Notation for partial derivatives

Congratulations, you have met one of the worst ambiguities in mathematical notation!

Assume you have a function of two variables, $f \colon A \times B \to \mathbb{R}$, where $A$ and $B$ are subsets of $\mathbb{R}$. The notation $$\frac{\partial f}{\partial x}(x_0,y_0)$$ is commonly used to denote the value of the partial derivative of $f$ with respect to the first variable, evaluated at $(x_0,y_0)$. This is the cleanest use of the notation for partial derivatives.

Anyway, it sometimes happens to use some lazy piece of notation such as $$\frac{\partial f(x,g(x,y))}{\partial x}$$ to denote the partial derivative of the map $(x,y) \mapsto f(x,g(x,y))$. This is imcompatible (in general) with the interpretation of the same formula as

The derivative of $f$ with respect to the first variable, evaluated at the point $(x,g(x,y))$.

This is bad, but it seems we have to live with it.

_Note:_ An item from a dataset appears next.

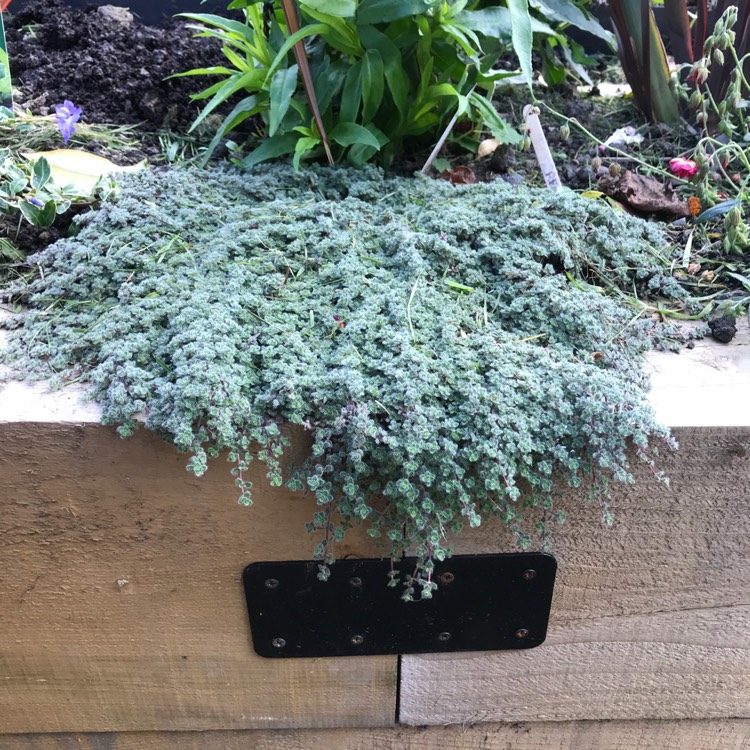 Plant image Thymus Pseudolanuginosus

Why? Just spend a couple of minutes and think about the second interpretation. To be rigorous, we should have written $$ \frac{\partial}{\partial x} \left( f \circ \left( (x,y) \mapsto (x,g(x,y)) \right) \right) (x,y), $$ which is a true nightmare.


I think Siminore's answer is good. But I checked some textbooks just for curiosity.

  1. "Advanced calculus" by Folland uses the notation like $\partial_x f(0, 0)$. Of course the meaning is the partial derivative of $f$ w.r.t. $x$ evaluated at $(0, 0)$. It does not use the notation $\partial f(0, 0) / \partial x$ extensively but there is a comment that you can use the notation.
  2. "Advanced calculus" by Kaplan and "The way of analysis" by Strichartz also follow the same convention.
  3. "Real mathematical analysis" by Pugh uses the notation $\partial f(0, 0) / \partial x$ and in some place it uses $\partial f(x, g(x)) / \partial x$ to denote the partial derivative of $f$ w.r.t. $x$ evaluated at $(x, g(x))$. It doesn't mean the derivative of the composite function.
  4. I also checked "Principles of mathematical analysis" by Rudin. It looks like to avoid the notation $\partial f(a, b) / \partial x$. Instead it says "$\partial f / \partial x$ at $(a, b)$". However, actually I found only one such occurrence. There is not much use of the round notation.
  5. "Mathematical methods for physicists" by Afken uses the notation $\partial f(x, 0)/\partial t$ to denote $\partial f(x, t)/\partial t |_{t = 0}$. It uses the two notations interchangeably.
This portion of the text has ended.